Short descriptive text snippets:
::::::
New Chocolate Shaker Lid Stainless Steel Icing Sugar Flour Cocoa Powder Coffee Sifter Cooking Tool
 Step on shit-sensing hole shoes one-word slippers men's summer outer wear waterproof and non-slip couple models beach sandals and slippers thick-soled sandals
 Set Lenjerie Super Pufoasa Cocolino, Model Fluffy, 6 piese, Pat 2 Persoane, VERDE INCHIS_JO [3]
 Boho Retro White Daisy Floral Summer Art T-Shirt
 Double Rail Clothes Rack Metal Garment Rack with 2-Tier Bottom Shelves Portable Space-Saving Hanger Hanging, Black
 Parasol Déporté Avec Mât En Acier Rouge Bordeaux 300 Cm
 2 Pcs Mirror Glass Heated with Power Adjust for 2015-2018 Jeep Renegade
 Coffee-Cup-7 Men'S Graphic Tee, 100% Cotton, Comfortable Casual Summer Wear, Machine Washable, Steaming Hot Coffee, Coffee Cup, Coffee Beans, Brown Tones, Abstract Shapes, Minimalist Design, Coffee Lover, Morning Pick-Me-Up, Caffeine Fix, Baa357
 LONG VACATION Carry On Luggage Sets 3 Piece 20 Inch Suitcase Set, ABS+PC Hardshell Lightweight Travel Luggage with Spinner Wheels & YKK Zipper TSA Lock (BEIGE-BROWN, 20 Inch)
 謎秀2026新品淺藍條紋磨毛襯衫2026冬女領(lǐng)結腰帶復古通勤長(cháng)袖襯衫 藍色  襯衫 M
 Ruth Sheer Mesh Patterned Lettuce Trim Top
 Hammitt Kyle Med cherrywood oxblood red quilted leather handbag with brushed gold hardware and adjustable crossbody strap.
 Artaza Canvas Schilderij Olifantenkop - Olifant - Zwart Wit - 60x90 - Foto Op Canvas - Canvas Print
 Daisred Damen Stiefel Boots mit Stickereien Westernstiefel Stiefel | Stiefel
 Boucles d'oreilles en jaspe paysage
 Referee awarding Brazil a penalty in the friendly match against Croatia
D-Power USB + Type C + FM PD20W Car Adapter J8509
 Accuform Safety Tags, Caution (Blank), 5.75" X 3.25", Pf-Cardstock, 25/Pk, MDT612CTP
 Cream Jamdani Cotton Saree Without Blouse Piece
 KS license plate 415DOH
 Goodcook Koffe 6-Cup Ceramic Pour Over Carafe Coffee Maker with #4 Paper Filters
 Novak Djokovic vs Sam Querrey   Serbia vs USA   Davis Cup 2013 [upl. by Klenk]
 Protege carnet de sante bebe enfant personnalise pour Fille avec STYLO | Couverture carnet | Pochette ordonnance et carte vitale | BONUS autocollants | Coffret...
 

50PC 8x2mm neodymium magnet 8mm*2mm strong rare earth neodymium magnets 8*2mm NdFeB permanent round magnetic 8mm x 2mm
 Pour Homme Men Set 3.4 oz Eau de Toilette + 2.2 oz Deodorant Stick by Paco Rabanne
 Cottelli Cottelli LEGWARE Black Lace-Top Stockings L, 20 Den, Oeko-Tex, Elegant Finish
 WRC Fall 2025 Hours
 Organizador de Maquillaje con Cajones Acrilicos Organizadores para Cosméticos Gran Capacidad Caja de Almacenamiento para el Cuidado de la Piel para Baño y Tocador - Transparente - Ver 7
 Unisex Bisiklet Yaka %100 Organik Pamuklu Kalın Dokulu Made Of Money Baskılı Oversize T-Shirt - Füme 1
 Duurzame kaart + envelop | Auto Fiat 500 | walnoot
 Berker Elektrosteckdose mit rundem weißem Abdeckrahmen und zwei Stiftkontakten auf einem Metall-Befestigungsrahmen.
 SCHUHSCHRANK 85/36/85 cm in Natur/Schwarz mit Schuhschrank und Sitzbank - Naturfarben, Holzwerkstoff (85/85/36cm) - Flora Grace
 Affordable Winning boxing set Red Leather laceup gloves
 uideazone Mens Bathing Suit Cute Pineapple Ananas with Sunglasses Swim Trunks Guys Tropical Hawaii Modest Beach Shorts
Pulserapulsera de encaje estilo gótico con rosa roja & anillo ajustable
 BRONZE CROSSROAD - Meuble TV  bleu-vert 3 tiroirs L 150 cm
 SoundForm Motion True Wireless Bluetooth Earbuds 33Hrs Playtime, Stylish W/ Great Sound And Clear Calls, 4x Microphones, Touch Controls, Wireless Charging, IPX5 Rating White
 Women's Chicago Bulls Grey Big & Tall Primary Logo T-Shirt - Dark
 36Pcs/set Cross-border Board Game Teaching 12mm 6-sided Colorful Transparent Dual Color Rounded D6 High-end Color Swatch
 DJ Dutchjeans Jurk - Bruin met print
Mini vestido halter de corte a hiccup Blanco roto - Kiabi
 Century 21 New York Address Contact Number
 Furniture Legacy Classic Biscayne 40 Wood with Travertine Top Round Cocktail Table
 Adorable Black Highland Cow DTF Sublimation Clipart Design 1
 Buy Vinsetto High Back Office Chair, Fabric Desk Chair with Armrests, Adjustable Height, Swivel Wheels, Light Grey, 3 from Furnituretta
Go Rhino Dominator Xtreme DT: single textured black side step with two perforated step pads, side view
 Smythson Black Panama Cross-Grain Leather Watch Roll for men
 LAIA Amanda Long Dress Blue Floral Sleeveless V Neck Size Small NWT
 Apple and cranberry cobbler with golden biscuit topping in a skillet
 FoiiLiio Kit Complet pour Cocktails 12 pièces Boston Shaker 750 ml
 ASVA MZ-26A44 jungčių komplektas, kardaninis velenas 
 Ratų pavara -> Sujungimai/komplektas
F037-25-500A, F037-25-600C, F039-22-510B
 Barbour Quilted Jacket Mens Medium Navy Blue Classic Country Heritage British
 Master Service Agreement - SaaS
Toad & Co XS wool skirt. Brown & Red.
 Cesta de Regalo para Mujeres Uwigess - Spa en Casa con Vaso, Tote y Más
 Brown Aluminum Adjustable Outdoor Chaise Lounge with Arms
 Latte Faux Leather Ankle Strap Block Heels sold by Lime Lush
::::::
Only the number is wanted: how many lines in the entries above contain the string "Shirt"?

Expected answer:
3